Esmark Chairman and Chief Executive officer James P. Bouchard told shareholders the
merger was the first of its kind in the United States, a “reverse hostile takeover.”
Wheeling-Pitt shareholders elected an Esmark-nominated slate as the board of directors
on Nov. 17, 2006, and Esmark, the smaller, private-owned firm, then reached agreement
on the merger with Wheeling-Pitt in March. The process began with meetings in mid-
2005 between Esmark and Wheeling-Pitt’s prior management team as the local
steelmaker searched for a strategic partner.
Bouchard praised the support of the United Steelworkers union in bringing the merger
about, and praised the board of directors.
“They stood tall in the saddle,” he said. “They did not waver.”
Bouchard expressed optimism that the new Esmark has the ability to prosper instead of
just weathering bad times.
Wheeling-Pitt started the day Tuesday with 70 percent debt and 30 percent equity,
Bouchard said. After the merger’s approval, Esmark now has 60 percent equity and 40
percent debt. He said the company had $11 million in working capital when he took the
reins in early December but now has $167 million.
“We have the flexibility to make changes,” he said. “I am very optimistic.”
He said despite predictions of a lower Gross Domestic Product and an overall down
market for steel and the credit crunch, “This company is more positive.”
“We will work with the Steelworkers and we will do something special with this
company,” he told the shareholders meeting.
Bouchard’s strategy remains to combine the strengths of his steel services center firm
with the ability to make steel to fill the orders those service centers receive.
“This company will succeed. We will make this company work. If we do not make a
profit, I will not be here next year. I am putting my job on the line,” Bouchard said.
He said the company has a new profit center in Esmark’s steel services business, and
Esmark’s directors had confidence in the merged company to the point where they
relinquished their seats to allow Wheeling-Pitt’s board to be the new Esmark Inc. board.
In a prepared statement, he said, “Today marks a long-awaited milestone for
stockholders, the employees of Wheeling-Pittsburgh Steel and Esmark, our partners at the
United Steelworkers and the hard-working people of the Ohio Valley. It’s been a
challenging year for all involved in combining our two companies, and I want to
personally thank each and every individual who contributed to making this new company
a reality.
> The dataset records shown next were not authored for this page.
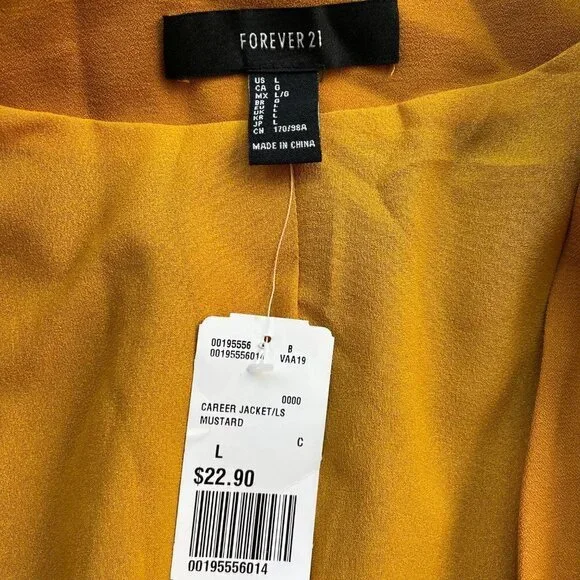 Forever 21 NWT Mustard Yellow Womens Blazer Large - Picture 3 of 4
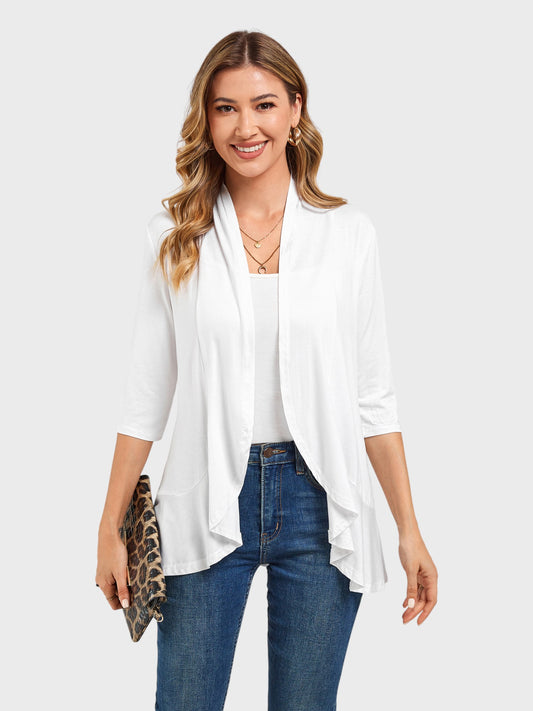 Lapa Plus Women's Solid Color 3/4 Sleeve Ruffled Hem Cardigans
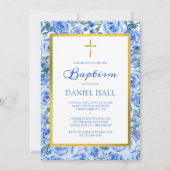 Invitation Baptême bleu poussiéreux moderne (Devant)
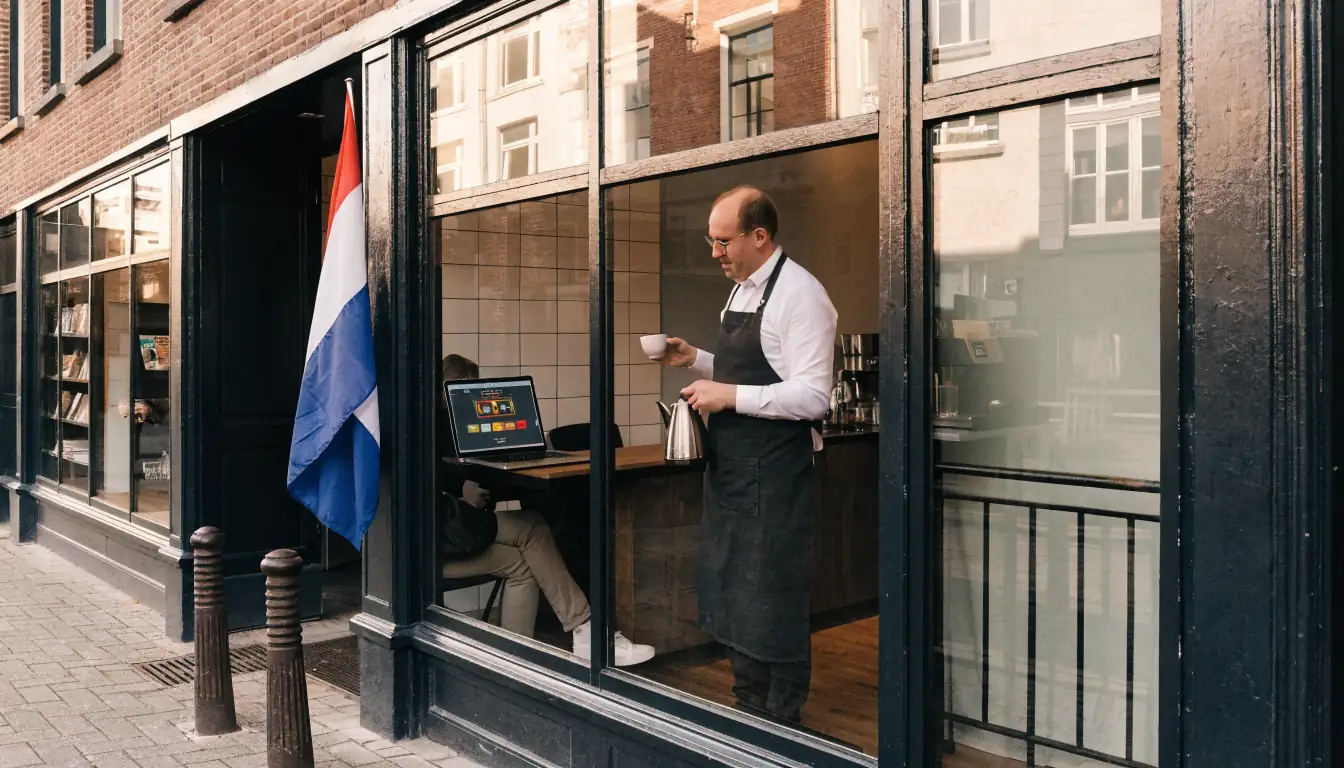 Modern café met laptop en Nederlands vlag op de achtergrond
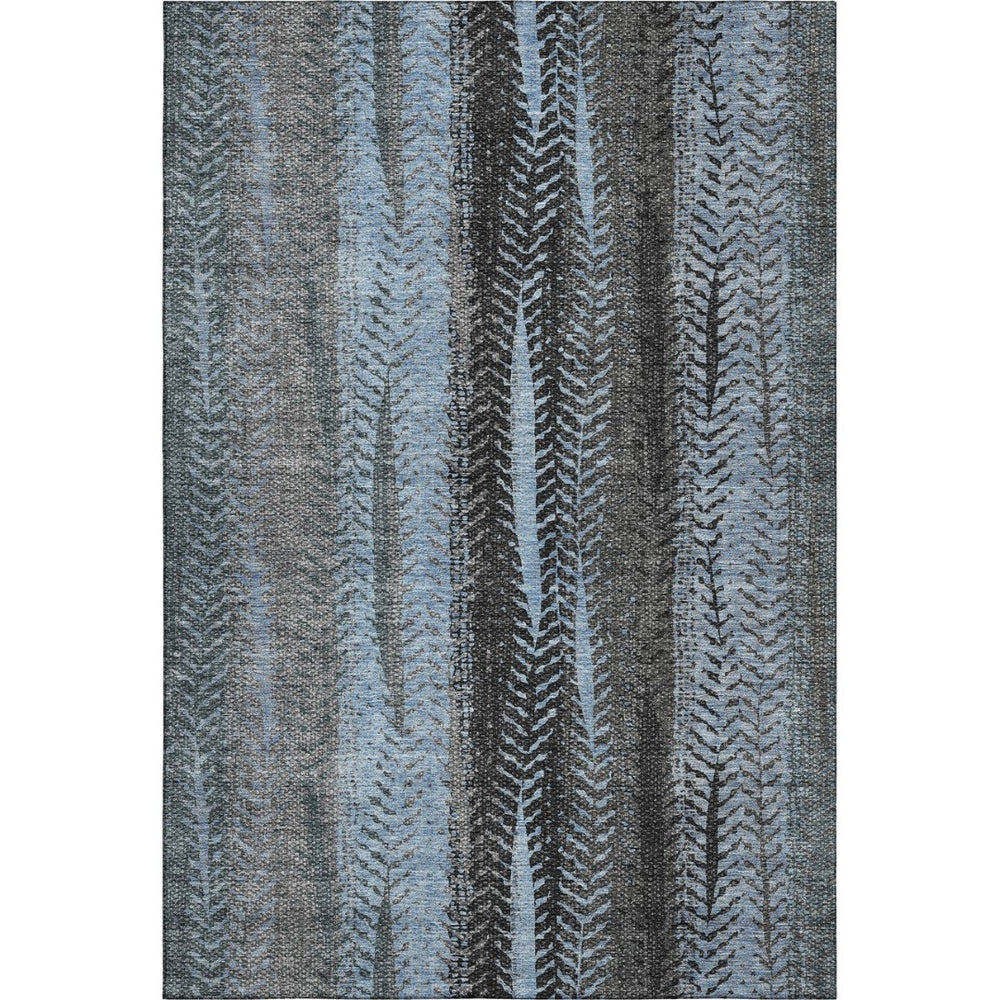 HomeRoots 8' X 10' Stylish Blue and Gray Striped Area Rug – Washable, UV-Protected, Durable for High Traffic Spaces 656487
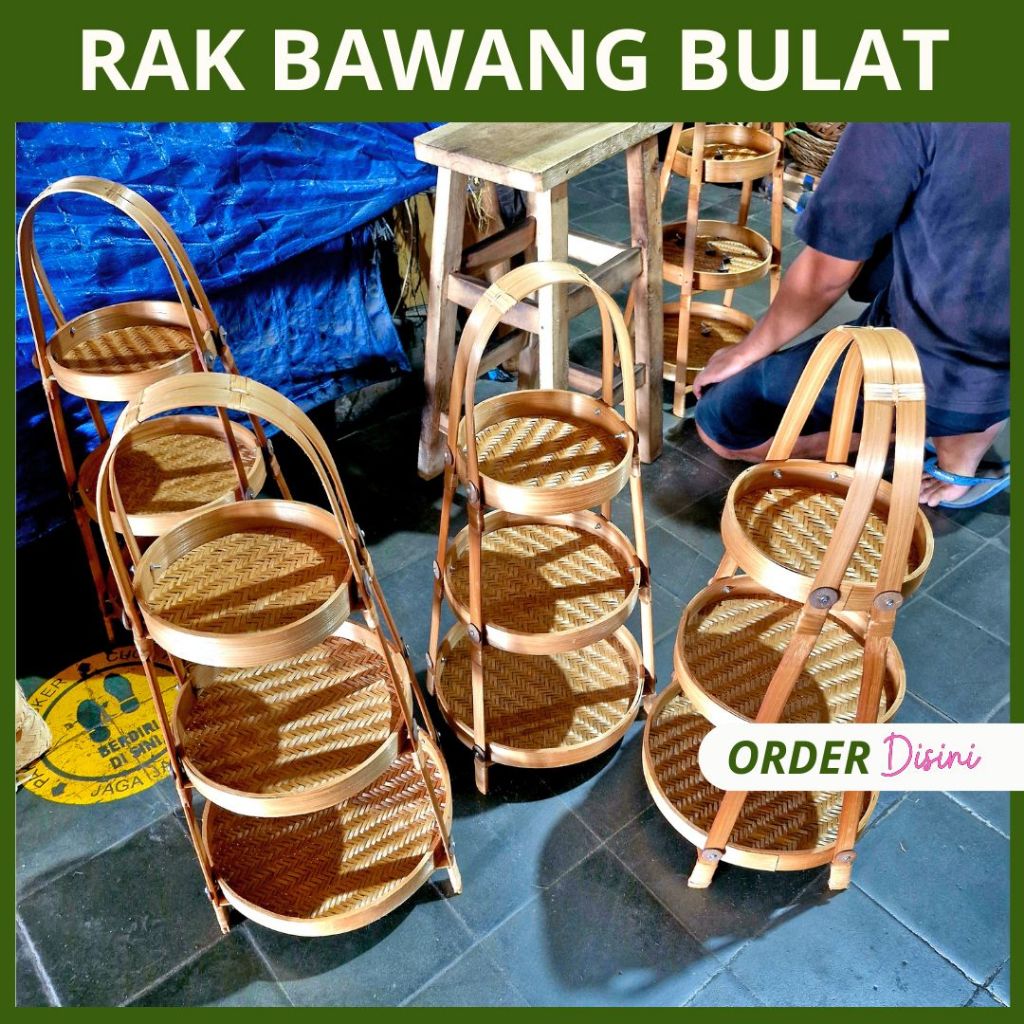 KERAJINAN BAMBU / Rak Bawang Bumbu Bulat Susun 3 - Wadah Rak Bawang Susun 3 - Anyaman Bambu Susun 3 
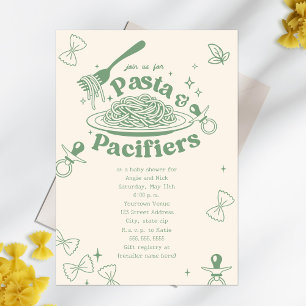 Invitación Pasta y Pacificadores Doodle Sage Green Baby Showe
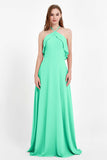 Glamour Chiffon Bridesmaid Dress A Line Sleeveless Ruffles Formal Evening Dresses Gowns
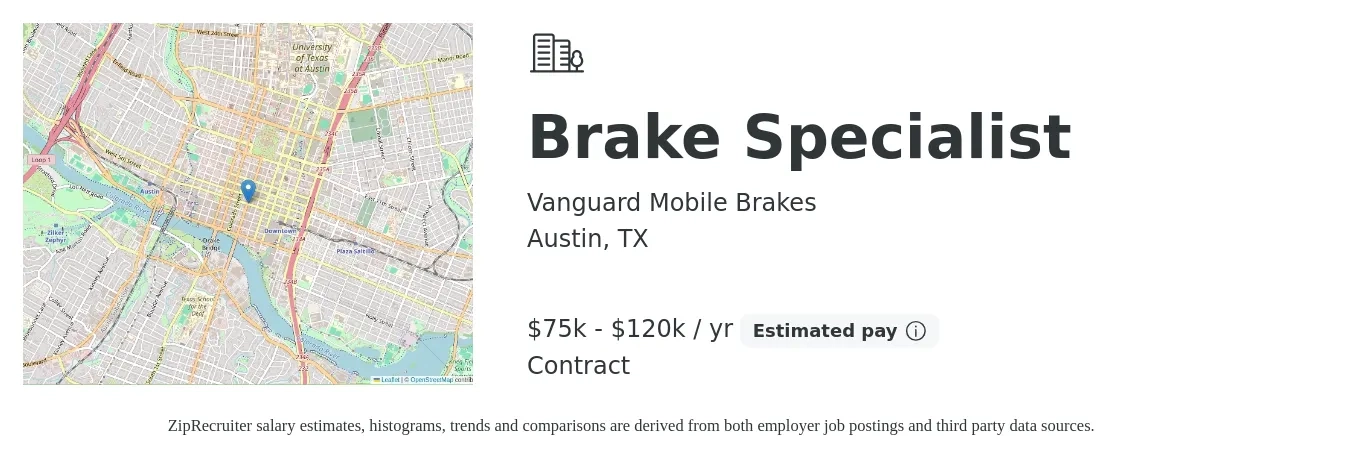Vanguard Mobile Brakes job posting for a Brake Specialist in Austin, TX with a salary of $75,000 to $120,000 Yearly with a map of Austin location.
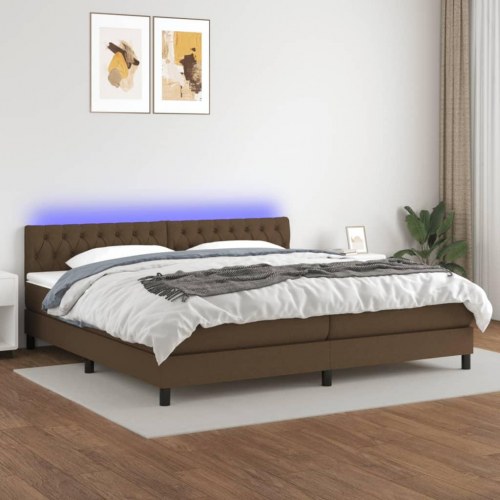 Kontinentalseng med LED-lys 200x200 cm - stof, mørkebrun
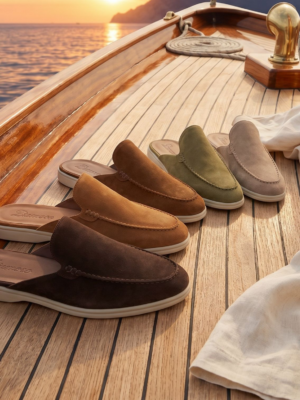 Vijf paar suède instappers in verschillende aardetinten, sfeervol gepresenteerd op het houten dek van een zeilboot tijdens zonsondergang.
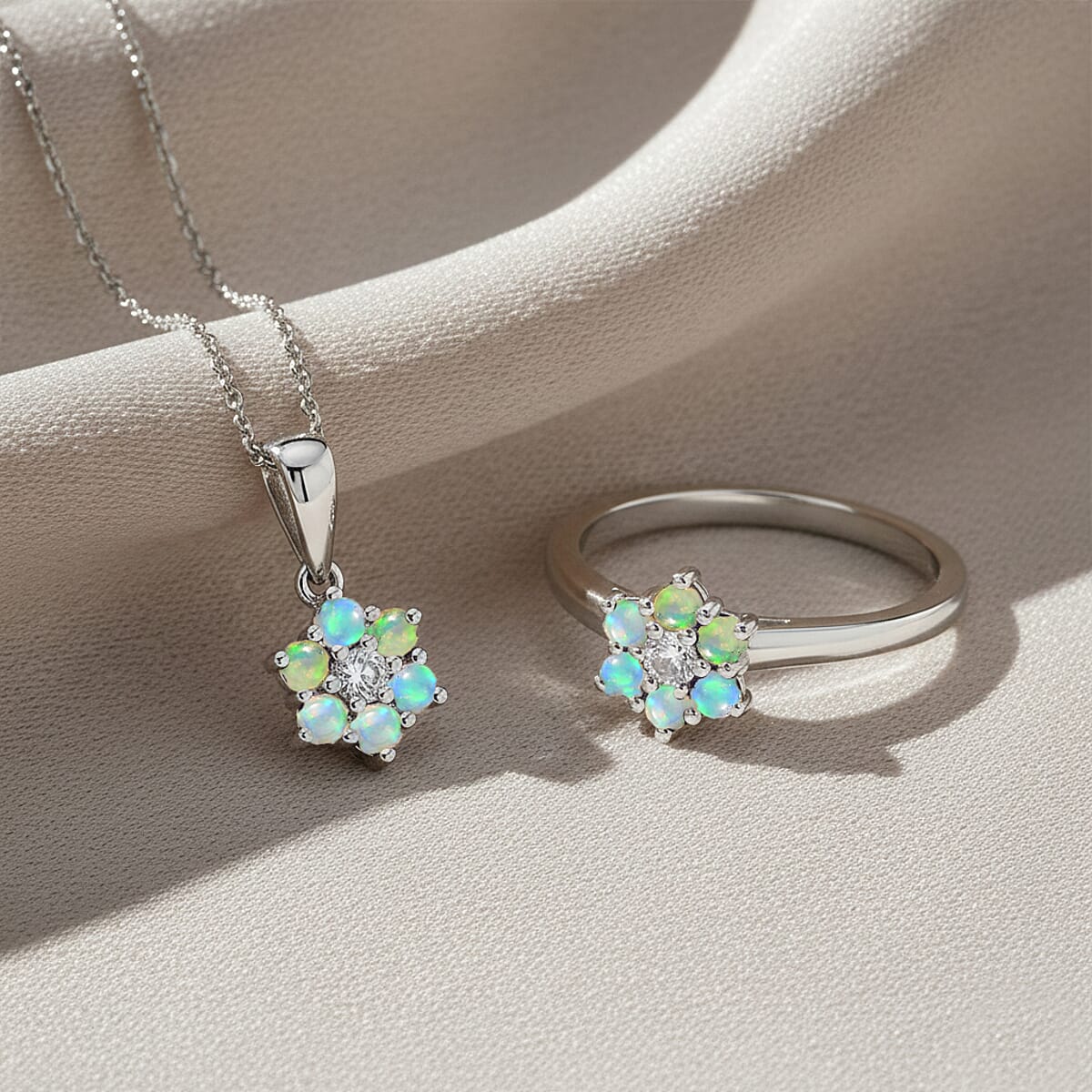 D'Joy Ethiopian Welo Opal and White Zircon 0.80 ctw Ring (Size 6.0) and Pendant Necklace 20 Inches in Rhodium Over Sterling Silver image number 1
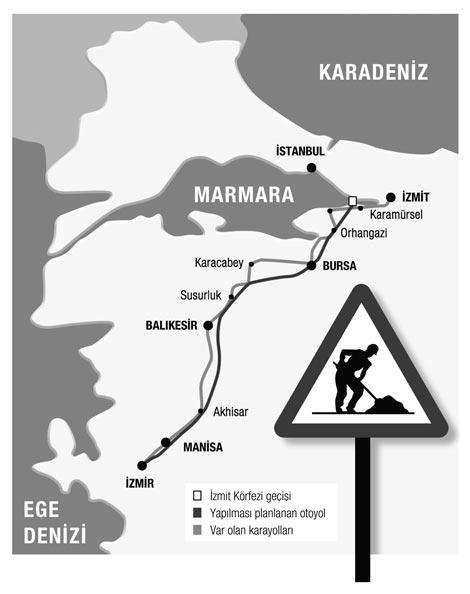 5. İSTANBUL-İZMİR OTOYOLU PROJESİ Toplam 6,5 milyar dolar ile Türkiye'nin en büyük yap-işlet-devret (YİD) projesi olarak proje sözleşmesi imzalanan İstanbul-İzmir otoyolu; Gebze-Orhangazi-İzmir,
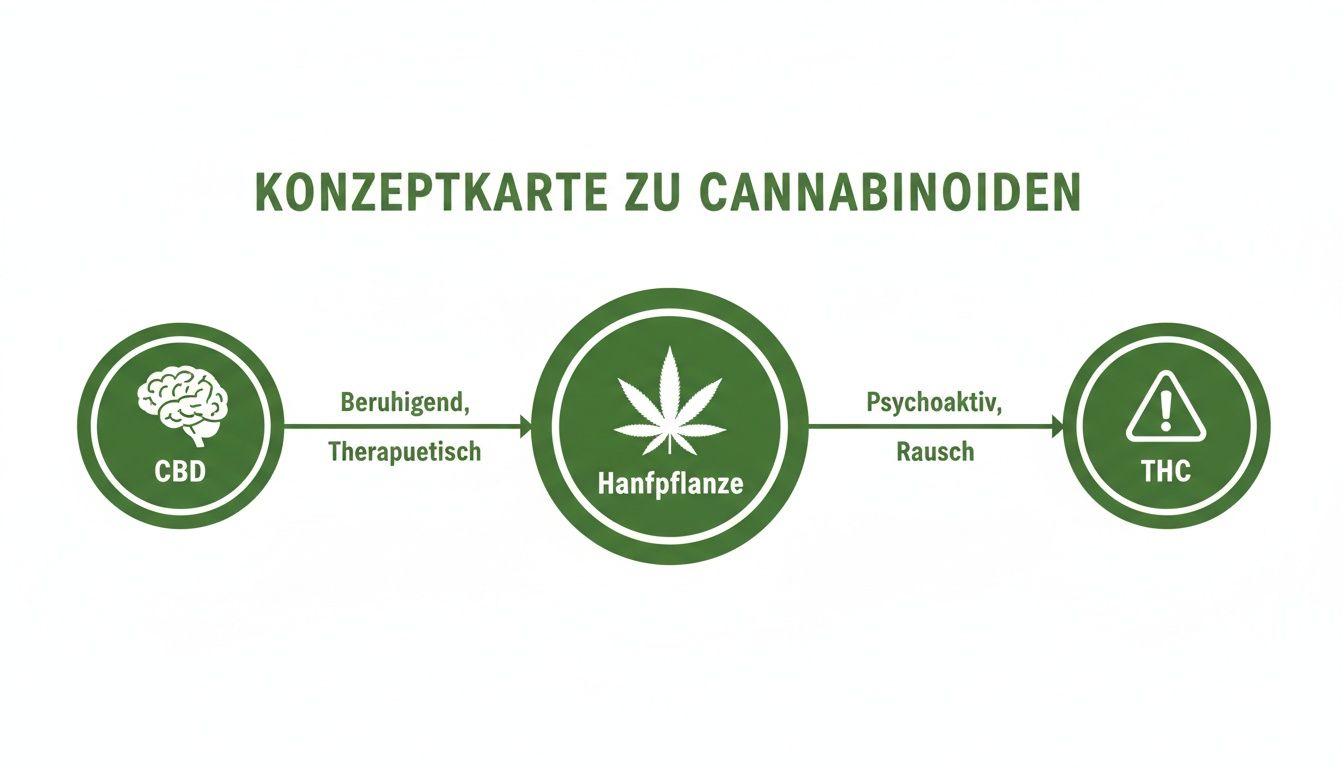Konzeptkarte zu Cannabinoiden: Hanfpflanze verbindet CBD (beruhigend, therapeutisch) und THC (psychoaktiv, Rausch).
With this task now accomplished, we must combine the advantages of this new
organizational structure with the cost initiatives recently enacted at Wheeling-Pittsburgh
to generate strong, recurring profits. Equipped with a much improved balance sheet and
enhanced liquidity position resulting from this merger, we are poised to do just that. It is
a pleasure to lead our new company with a stronger balance sheet and without a going
Wheeling-Pitt had received an auditor’s statement questioning if Wheeling-Pitt would be
able to continue as a going concern, included in the third-quarter results report.
With the merger, the projected opening balance sheet of the new Esmark is expected to
show shareholder equity of more than $726 million. Shareholder equity in the third
quarter balance sheet for Wheeling-Pitt stood at $137.47 million.